# EXTRACTED ENTRIES

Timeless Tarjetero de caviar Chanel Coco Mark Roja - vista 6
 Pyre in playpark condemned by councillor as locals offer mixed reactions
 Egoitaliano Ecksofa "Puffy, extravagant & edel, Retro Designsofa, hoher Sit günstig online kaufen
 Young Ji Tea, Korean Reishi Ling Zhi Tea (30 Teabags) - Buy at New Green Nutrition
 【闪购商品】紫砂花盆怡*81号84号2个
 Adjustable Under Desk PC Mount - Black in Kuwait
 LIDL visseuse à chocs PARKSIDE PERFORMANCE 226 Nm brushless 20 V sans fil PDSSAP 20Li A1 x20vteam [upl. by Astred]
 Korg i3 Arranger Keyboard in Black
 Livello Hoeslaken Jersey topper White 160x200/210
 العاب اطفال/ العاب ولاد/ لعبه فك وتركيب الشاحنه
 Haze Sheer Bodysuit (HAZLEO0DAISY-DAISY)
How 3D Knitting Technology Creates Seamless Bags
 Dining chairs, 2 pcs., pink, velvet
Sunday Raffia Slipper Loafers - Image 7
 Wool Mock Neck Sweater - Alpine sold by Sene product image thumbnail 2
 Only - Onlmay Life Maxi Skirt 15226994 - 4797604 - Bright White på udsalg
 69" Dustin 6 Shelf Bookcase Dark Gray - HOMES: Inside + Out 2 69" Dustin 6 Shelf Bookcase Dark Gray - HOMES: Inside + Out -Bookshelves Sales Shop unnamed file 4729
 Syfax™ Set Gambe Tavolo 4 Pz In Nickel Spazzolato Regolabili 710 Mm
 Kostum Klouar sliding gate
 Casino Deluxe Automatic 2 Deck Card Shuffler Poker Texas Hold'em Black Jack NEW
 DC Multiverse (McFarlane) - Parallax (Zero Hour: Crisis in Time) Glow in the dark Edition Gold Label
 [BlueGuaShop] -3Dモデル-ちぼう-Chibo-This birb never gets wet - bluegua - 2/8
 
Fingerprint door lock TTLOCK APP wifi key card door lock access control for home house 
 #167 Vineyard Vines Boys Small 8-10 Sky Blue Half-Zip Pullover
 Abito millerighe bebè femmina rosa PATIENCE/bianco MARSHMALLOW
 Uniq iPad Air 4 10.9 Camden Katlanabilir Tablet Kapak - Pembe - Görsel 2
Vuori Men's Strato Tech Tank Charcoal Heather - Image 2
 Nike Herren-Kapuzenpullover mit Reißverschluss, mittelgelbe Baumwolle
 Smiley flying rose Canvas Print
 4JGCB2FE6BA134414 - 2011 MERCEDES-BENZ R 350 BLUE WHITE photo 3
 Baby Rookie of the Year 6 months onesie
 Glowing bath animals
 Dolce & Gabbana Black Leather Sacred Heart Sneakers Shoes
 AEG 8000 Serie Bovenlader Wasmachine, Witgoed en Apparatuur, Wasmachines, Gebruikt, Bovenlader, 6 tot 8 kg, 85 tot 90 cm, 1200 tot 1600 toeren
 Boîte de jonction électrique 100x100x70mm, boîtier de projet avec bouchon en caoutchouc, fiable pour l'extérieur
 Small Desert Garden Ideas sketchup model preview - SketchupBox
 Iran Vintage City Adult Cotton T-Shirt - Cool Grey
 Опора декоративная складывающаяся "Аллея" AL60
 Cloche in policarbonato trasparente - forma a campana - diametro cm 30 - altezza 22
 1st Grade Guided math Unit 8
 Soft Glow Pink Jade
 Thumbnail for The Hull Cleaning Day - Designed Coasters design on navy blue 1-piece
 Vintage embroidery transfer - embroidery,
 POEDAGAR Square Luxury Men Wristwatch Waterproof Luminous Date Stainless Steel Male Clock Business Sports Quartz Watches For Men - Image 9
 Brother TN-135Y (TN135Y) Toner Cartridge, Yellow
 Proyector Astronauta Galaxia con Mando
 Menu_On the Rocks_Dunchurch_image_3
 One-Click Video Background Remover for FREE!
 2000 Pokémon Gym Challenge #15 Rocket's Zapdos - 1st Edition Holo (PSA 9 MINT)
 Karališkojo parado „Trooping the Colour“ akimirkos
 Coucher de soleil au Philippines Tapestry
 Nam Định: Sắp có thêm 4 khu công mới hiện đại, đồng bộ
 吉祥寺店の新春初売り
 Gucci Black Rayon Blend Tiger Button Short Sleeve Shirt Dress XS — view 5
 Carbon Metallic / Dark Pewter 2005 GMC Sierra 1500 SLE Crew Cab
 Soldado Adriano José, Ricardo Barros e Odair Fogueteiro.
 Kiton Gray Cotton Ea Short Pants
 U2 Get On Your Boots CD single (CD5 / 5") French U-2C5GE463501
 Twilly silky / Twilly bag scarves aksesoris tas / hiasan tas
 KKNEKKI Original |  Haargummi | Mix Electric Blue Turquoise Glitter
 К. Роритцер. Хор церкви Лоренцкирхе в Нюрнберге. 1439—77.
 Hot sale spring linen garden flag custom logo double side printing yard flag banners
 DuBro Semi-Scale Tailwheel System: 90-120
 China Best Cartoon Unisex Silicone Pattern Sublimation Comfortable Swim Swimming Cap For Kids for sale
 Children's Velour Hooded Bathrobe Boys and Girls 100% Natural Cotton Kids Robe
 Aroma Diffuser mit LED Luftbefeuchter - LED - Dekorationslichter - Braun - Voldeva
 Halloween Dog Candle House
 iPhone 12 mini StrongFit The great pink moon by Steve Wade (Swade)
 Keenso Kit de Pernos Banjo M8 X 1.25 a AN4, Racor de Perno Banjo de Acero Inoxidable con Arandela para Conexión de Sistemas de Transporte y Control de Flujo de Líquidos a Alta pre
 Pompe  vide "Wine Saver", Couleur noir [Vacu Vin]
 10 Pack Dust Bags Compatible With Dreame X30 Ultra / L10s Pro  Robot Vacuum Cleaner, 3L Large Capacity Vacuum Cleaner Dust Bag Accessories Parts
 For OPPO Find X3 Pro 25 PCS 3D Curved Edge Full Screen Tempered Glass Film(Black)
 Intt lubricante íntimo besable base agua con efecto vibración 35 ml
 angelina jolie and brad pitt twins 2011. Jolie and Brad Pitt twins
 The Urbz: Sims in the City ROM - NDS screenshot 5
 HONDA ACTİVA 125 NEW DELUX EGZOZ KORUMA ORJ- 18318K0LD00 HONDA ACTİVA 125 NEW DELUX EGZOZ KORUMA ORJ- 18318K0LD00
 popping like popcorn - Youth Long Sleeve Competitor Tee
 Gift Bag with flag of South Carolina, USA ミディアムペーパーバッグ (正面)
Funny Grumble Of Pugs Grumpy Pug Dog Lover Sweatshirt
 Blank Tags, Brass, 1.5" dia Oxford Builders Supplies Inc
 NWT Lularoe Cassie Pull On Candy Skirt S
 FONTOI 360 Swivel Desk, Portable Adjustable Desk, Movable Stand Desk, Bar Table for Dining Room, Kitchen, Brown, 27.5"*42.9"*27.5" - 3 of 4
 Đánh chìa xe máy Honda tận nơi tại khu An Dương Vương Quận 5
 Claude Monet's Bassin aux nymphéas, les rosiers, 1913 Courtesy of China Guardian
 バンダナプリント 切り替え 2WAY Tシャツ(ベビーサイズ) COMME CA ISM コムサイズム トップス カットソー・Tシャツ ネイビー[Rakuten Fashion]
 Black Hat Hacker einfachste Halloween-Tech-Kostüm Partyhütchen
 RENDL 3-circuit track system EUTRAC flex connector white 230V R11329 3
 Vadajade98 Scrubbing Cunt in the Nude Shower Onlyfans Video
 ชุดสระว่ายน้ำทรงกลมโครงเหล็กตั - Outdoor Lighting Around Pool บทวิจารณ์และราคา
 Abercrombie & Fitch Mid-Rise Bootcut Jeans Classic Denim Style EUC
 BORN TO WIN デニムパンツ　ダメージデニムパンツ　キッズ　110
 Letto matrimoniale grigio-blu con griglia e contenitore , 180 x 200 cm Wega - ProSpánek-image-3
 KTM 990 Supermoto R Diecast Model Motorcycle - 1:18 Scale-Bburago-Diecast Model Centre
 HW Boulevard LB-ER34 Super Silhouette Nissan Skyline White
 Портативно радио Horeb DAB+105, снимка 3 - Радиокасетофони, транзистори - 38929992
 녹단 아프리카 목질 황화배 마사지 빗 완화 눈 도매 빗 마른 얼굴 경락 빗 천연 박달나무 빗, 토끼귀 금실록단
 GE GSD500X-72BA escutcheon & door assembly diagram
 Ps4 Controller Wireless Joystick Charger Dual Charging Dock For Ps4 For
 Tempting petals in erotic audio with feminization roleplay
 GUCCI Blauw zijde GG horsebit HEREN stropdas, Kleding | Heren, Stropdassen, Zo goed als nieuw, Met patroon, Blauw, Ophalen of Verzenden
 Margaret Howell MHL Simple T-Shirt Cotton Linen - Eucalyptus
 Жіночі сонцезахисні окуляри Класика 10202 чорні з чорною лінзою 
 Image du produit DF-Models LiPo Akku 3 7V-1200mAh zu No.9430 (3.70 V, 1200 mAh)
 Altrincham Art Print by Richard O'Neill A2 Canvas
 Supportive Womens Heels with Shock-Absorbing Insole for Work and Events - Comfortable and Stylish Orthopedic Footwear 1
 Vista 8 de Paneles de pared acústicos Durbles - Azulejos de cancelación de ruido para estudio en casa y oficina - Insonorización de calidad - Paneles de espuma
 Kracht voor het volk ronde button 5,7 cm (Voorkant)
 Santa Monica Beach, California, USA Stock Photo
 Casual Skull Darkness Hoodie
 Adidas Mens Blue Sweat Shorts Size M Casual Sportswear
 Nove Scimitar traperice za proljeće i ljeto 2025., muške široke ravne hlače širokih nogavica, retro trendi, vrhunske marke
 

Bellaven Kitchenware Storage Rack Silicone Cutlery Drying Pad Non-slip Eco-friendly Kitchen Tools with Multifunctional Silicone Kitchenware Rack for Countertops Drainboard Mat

# EXERCISE DETAILS
From the listing above, the lines starting with the one that has "Gift Bag with" and running through the one that has "FONTOI 360 Swivel" should be copied exactly, ends included.

# TASK RESPONSE
 Gift Bag with flag of South Carolina, USA ミディアムペーパーバッグ (正面)
Funny Grumble Of Pugs Grumpy Pug Dog Lover Sweatshirt
 Blank Tags, Brass, 1.5" dia Oxford Builders Supplies Inc
 NWT Lularoe Cassie Pull On Candy Skirt S
 FONTOI 360 Swivel Desk, Portable Adjustable Desk, Movable Stand Desk, Bar Table for Dining Room, Kitchen, Brown, 27.5"*42.9"*27.5" - 3 of 4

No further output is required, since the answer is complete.